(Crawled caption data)
══════

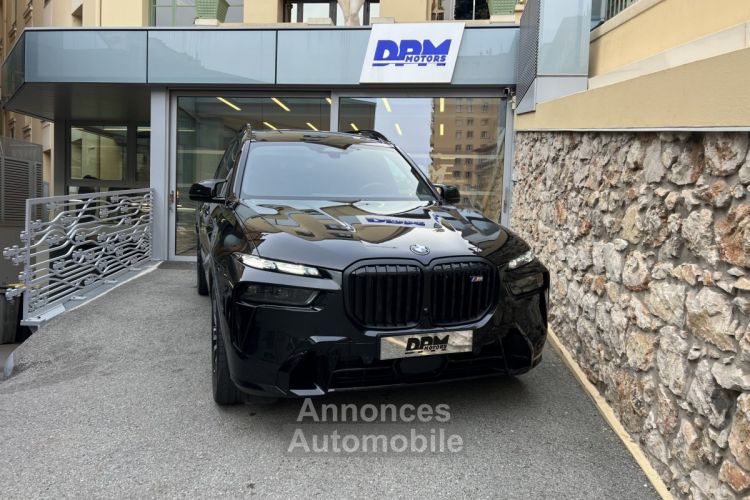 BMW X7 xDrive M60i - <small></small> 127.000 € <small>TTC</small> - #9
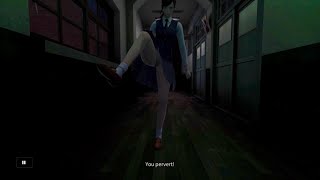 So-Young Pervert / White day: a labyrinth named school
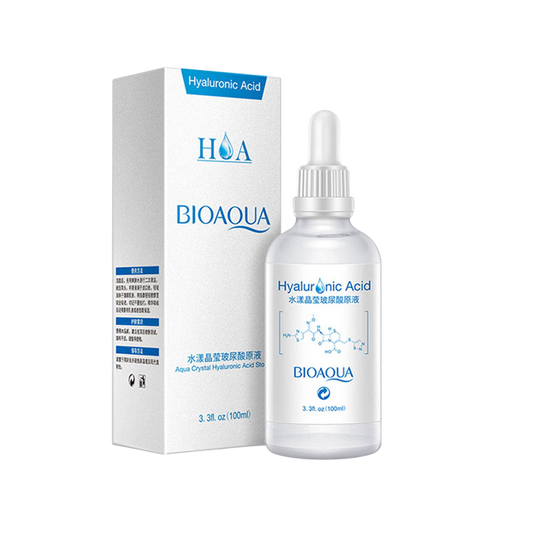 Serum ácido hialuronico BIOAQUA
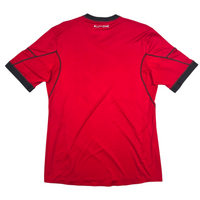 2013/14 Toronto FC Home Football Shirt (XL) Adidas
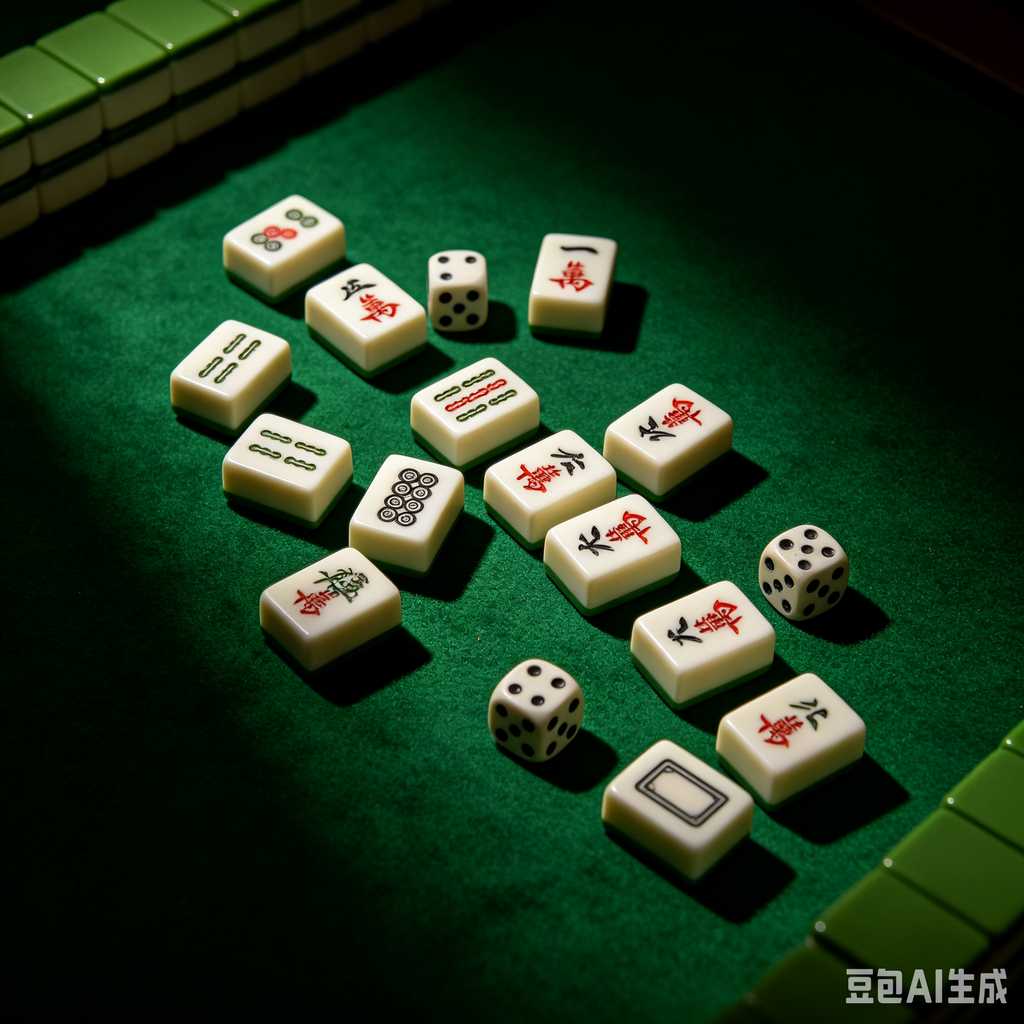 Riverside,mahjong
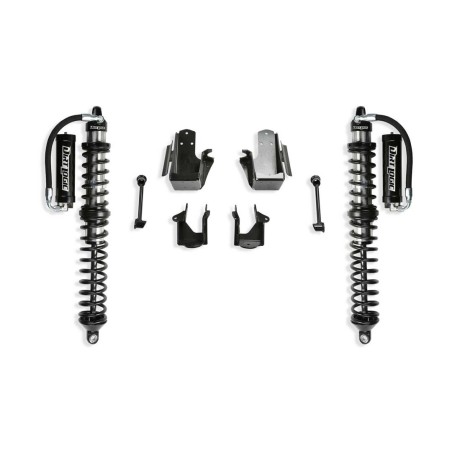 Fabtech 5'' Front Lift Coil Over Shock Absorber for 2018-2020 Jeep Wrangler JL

══════

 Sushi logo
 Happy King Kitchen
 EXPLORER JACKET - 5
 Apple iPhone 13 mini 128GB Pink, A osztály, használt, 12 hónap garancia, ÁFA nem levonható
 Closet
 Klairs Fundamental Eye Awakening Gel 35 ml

══════

YOUR TASK – Among the entries above, find the line with "BMW X7 xDrive" and repeat exactly from there through the line with "Fabtech 5'' Front", leaving out the pictures.

RESULT OF THE EXERCISE –
 BMW X7 xDrive M60i - <small></small> 127.000 € <small>TTC</small> - #9
 So-Young Pervert / White day: a labyrinth named school
 Serum ácido hialuronico BIOAQUA
 2013/14 Toronto FC Home Football Shirt (XL) Adidas
 Riverside,mahjong
 Fabtech 5'' Front Lift Coil Over Shock Absorber for 2018-2020 Jeep Wrangler JL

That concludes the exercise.